ACTIVITY: Your output should be the line with "梦幻西游练药多少级插图" followed by every remaining line of the entries, reproduced exactly.

MATERIALS PROVIDED:
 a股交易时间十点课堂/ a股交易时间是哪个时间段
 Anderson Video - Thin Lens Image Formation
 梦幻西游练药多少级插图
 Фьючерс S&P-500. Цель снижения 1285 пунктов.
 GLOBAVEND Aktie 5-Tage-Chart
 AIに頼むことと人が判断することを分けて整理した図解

TASK RESULT:
 梦幻西游练药多少级插图
 Фьючерс S&P-500. Цель снижения 1285 пунктов.
 GLOBAVEND Aktie 5-Tage-Chart
 AIに頼むことと人が判断することを分けて整理した図解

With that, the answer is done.